## [To do]
Transcribe, exactly and without pictures, the lines below from the line with "Ballett-Ballerina in weißem" to the line with "Hot chocolate with", both ends included, and no others.

## [Task inputs]

★ ★ ★ ★ ★ ★ ★

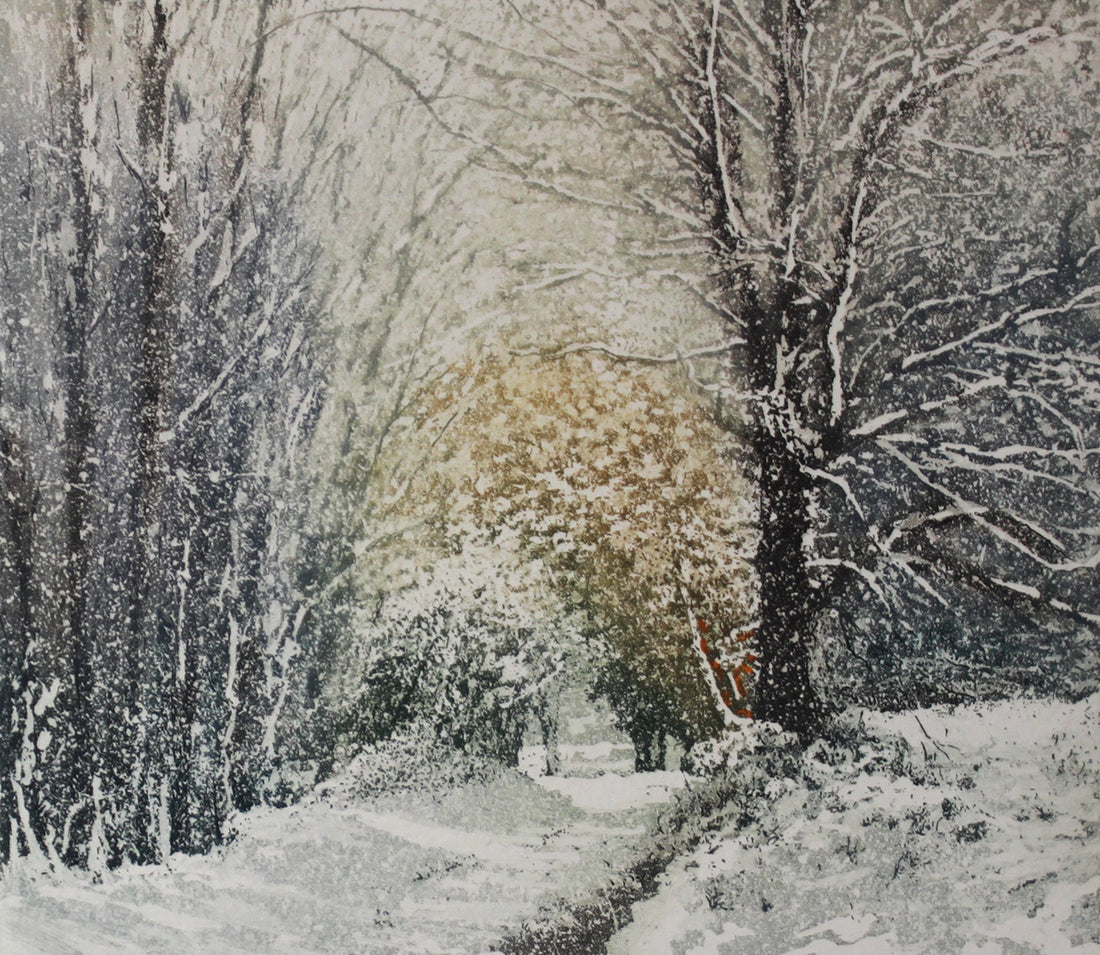 Hand colored etching of snowy forrest.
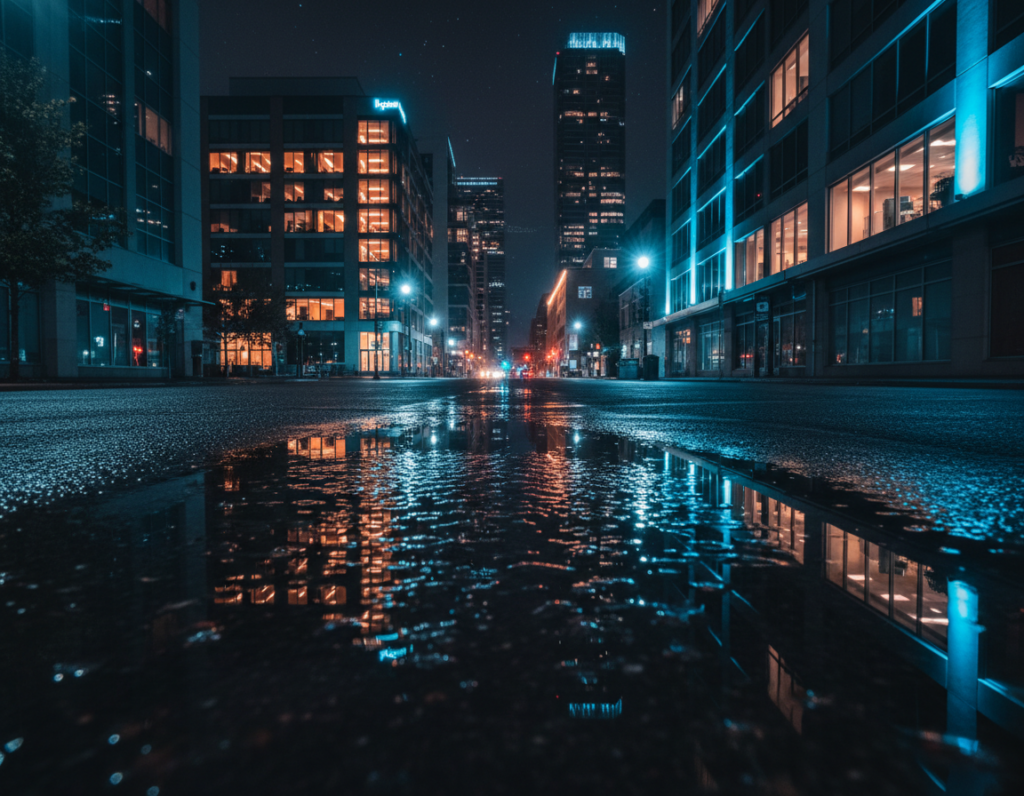 A nighttime urban scene capturing reflections on wet asphalt after a rain shower. In the foreground, a shallow puddle mirrors vibrant neon lights from nearby street lamps and illuminated shop signs, creating a kaleidoscopic effect. The middle ground features modern buildings dressed in warm golden and cool blue hues, showcasing the intentional use of color temperature in capturing nighttime ambiance. The background reveals a blurred silhouette of distant skyscrapers under a starry sky, enhancing the depth of the scene. Utilize a low-angle perspective to accentuate the reflections and dynamic composition. The lighting should be moody, casting soft shadows while highlighting the reflections sharply. Aim for an atmospheric feel that suggests tranquility and intrigue, inviting viewers to explore how color temperature influences nighttime photography.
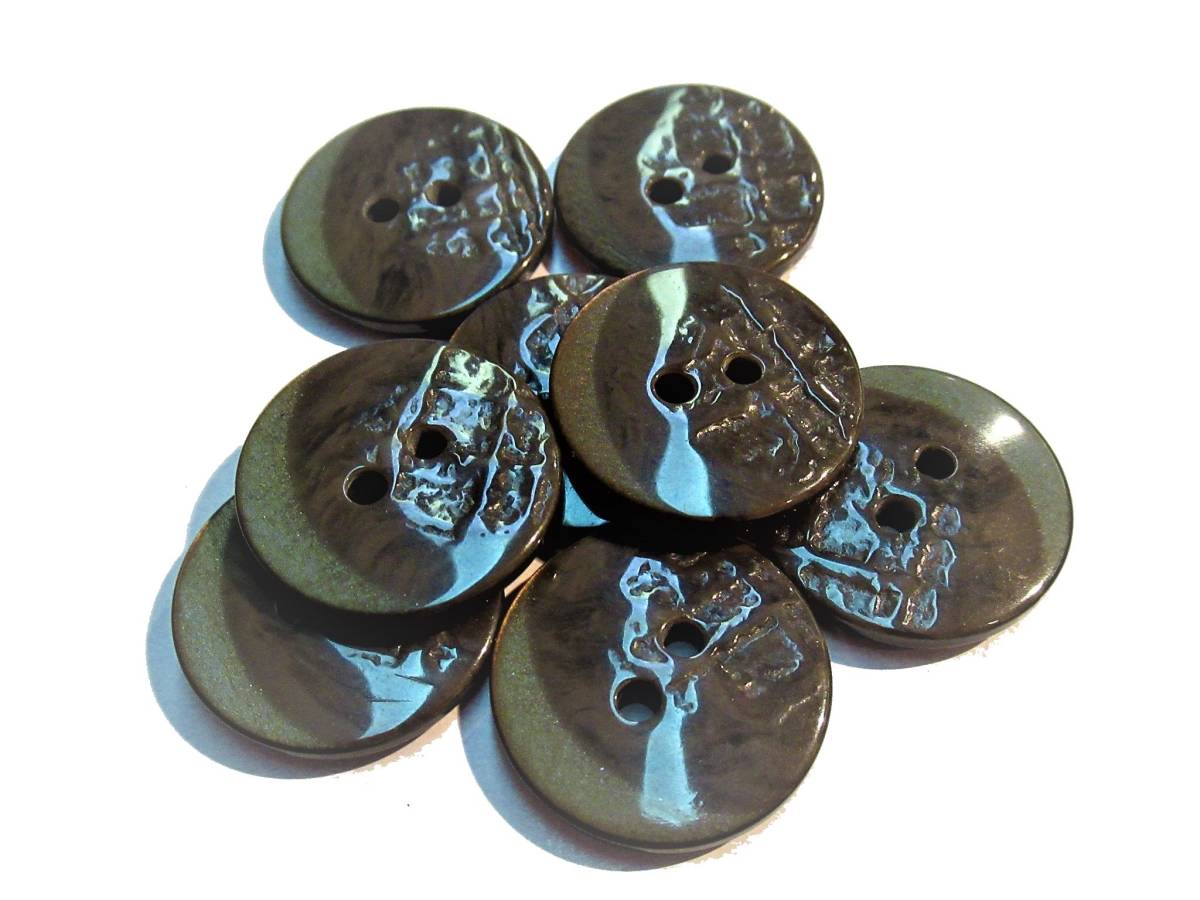 手芸 和洋裁用釦 ボタン 二つ穴ボタン ブラウン（現品釦23mm11個入り）b0743b-ka_画像1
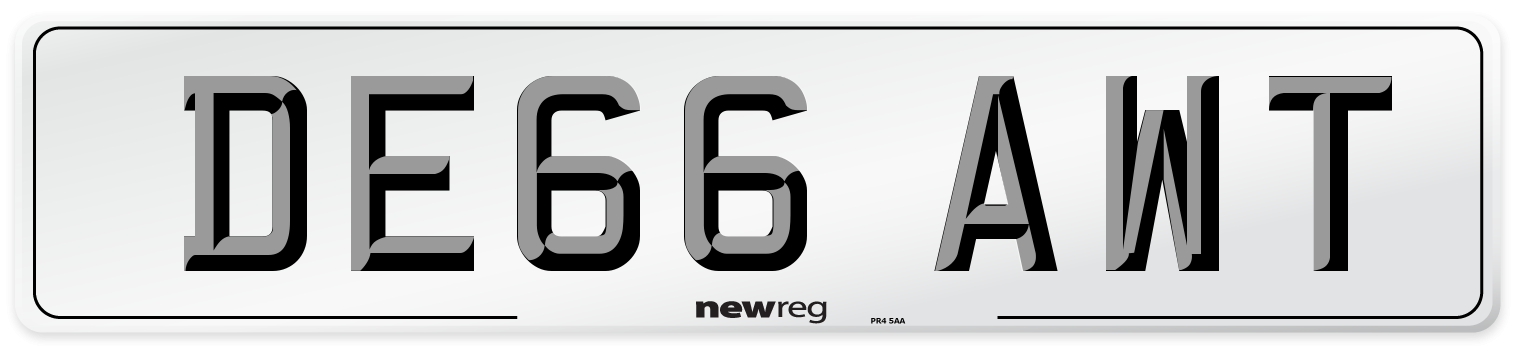 DE66 AWT Number Plate from New Reg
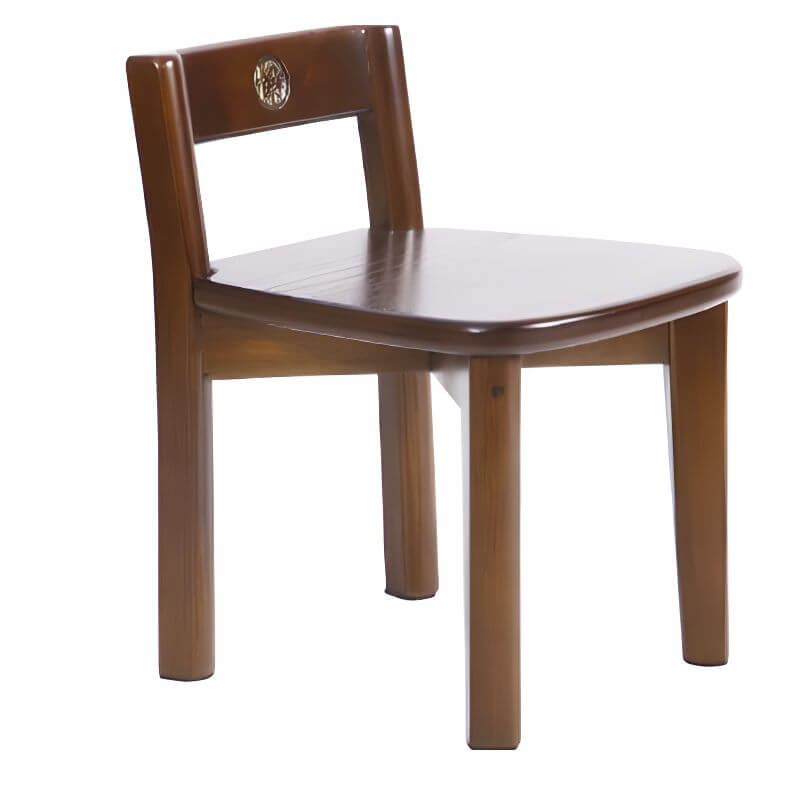 Solid Wood & PU Leather Kids Chair with Retro Metal Badge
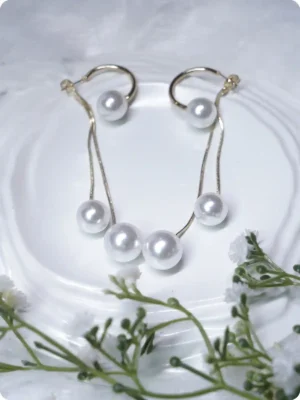 D-Long Pearl Tassel Korean Trendy Earrings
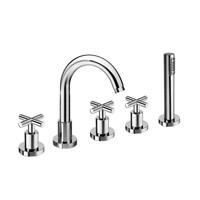 Badrandkraan Sapho Axia 3-kruisgreep Mengkraan Compleet 5-gats Chroom - thumbnail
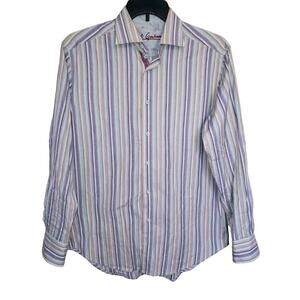 Mens Robert Graham Long Sleeve Striped Button Up Shirt Size Medium M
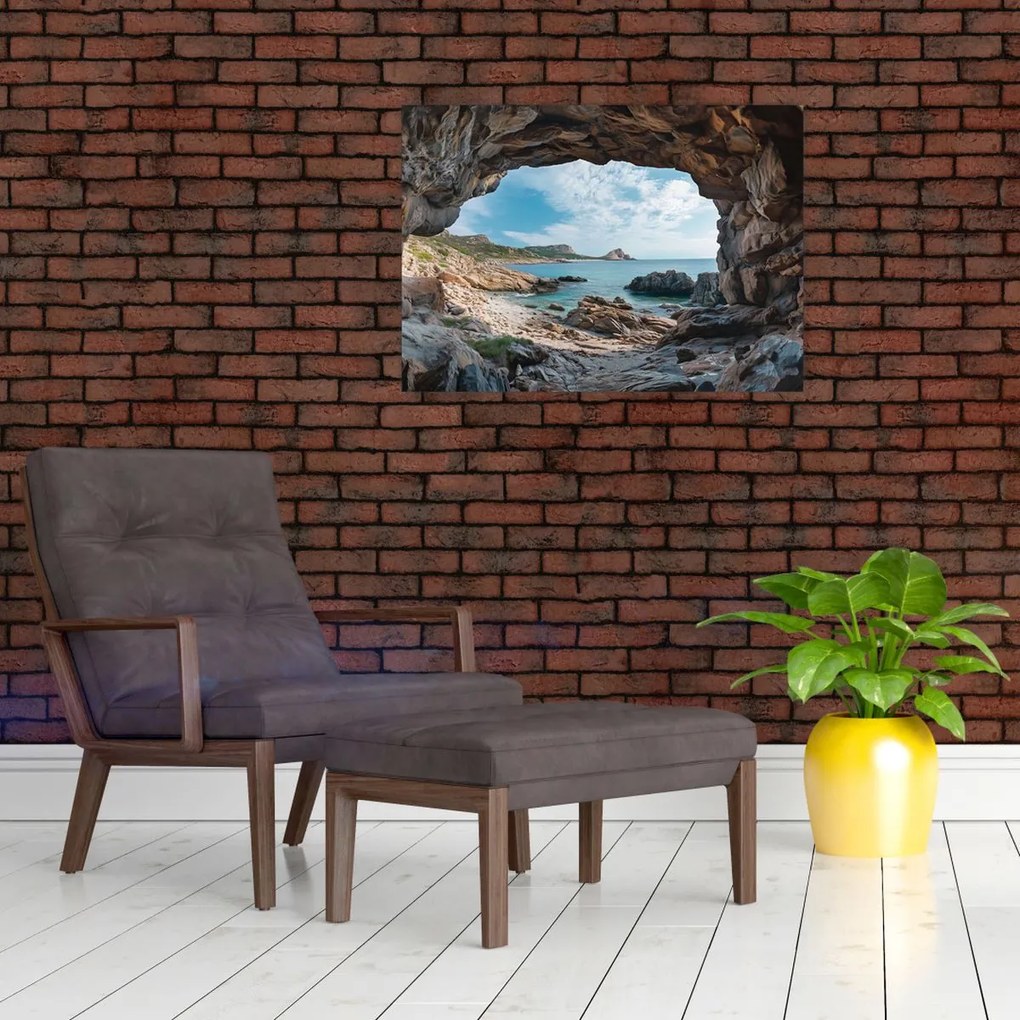 Tablou pe sticlă - Peșteră lângă mare (70x50 cm)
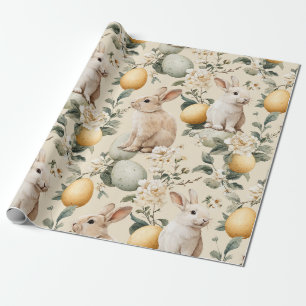Oude Paashaas Bloemen (5) Cadeaupapier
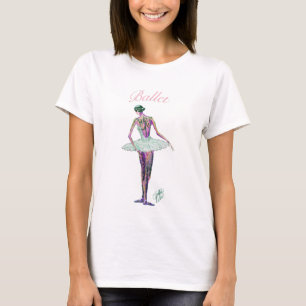 Ballett-Ballerina in weißem Tuturosa T - Shirt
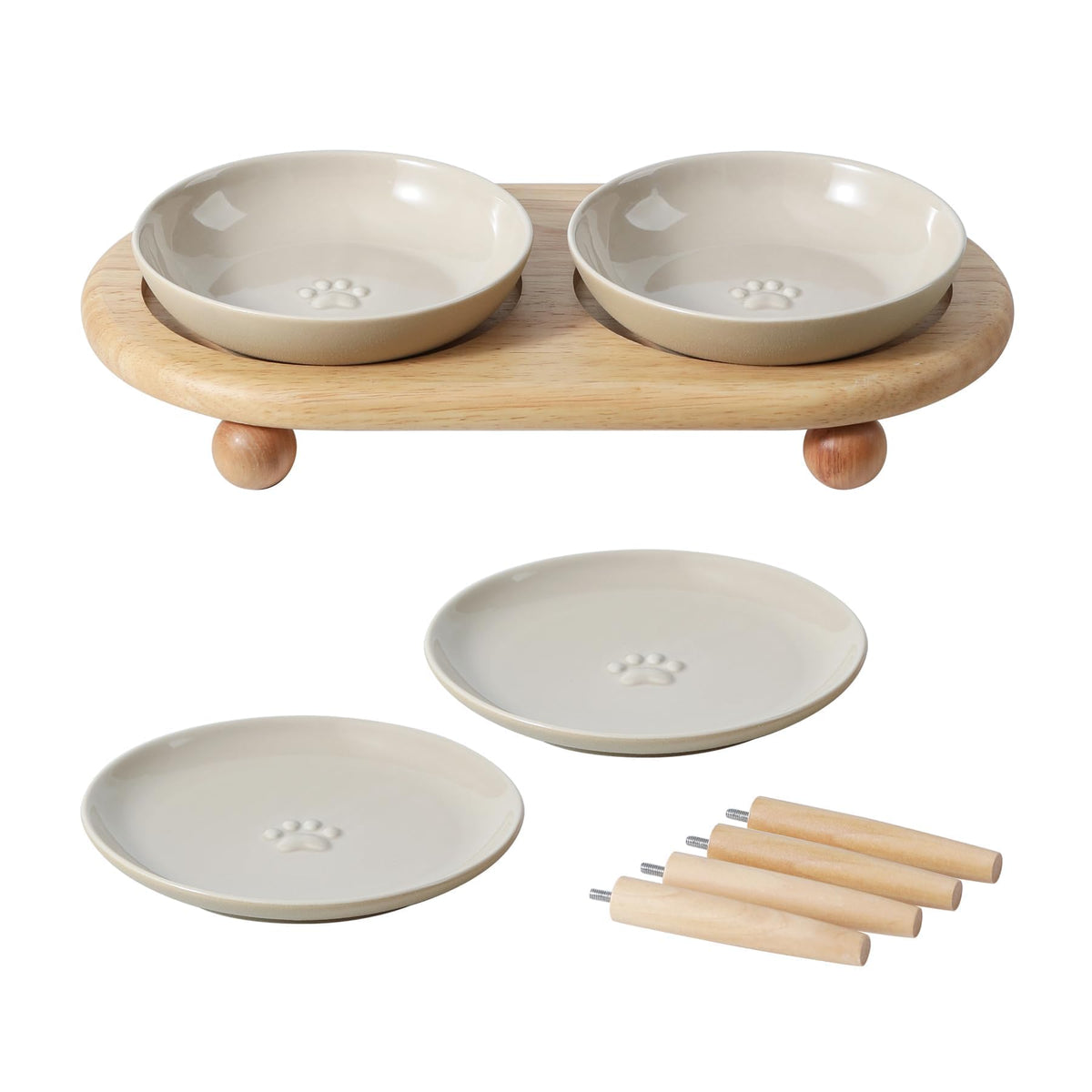 Havniva Ceramic Cat Bowls, Shallow Cat Dishes, Cat Food Plate Set of 3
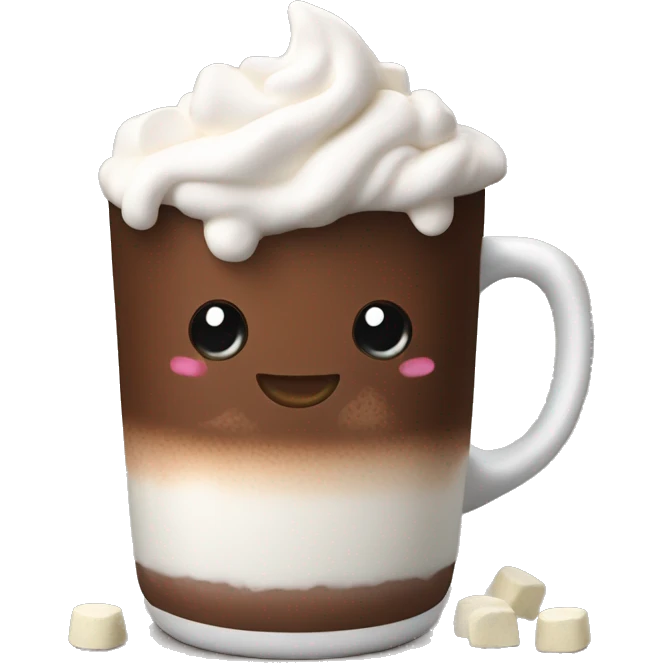 Hot chocolate with marshmallows and whip cream on top emoji
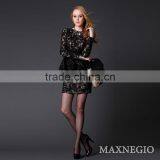 Hot Sale Above Knee Mini 3/4 Sleeve Hot Girl Sexy Club Black Lace Gold Sequin Sexy Prom Dress thumbnail-6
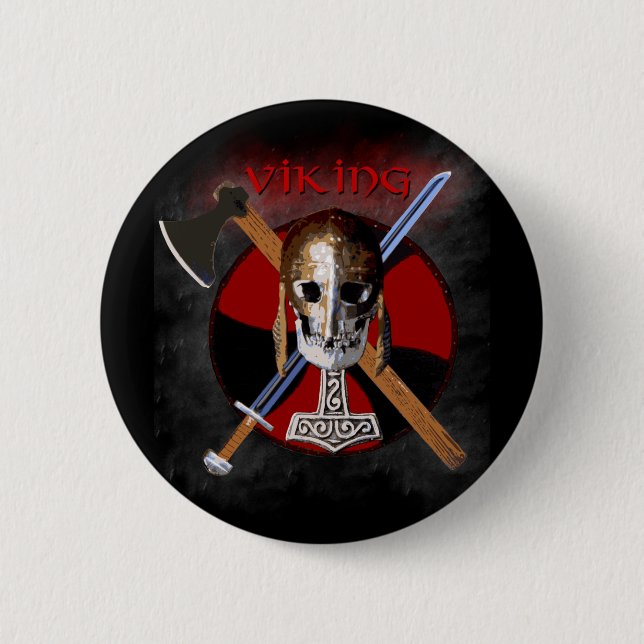 Bóton Redondo 5.08cm VIKING - Shield Skull (Frente)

★ ★ ★ ★ ★ ★ ★

## [Final answer]
 Ballett-Ballerina in weißem Tuturosa T - Shirt
 Havniva Ceramic Cat Bowls, Shallow Cat Dishes, Cat Food Plate Set of 3
 Hot chocolate with marshmallows and whip cream on top emoji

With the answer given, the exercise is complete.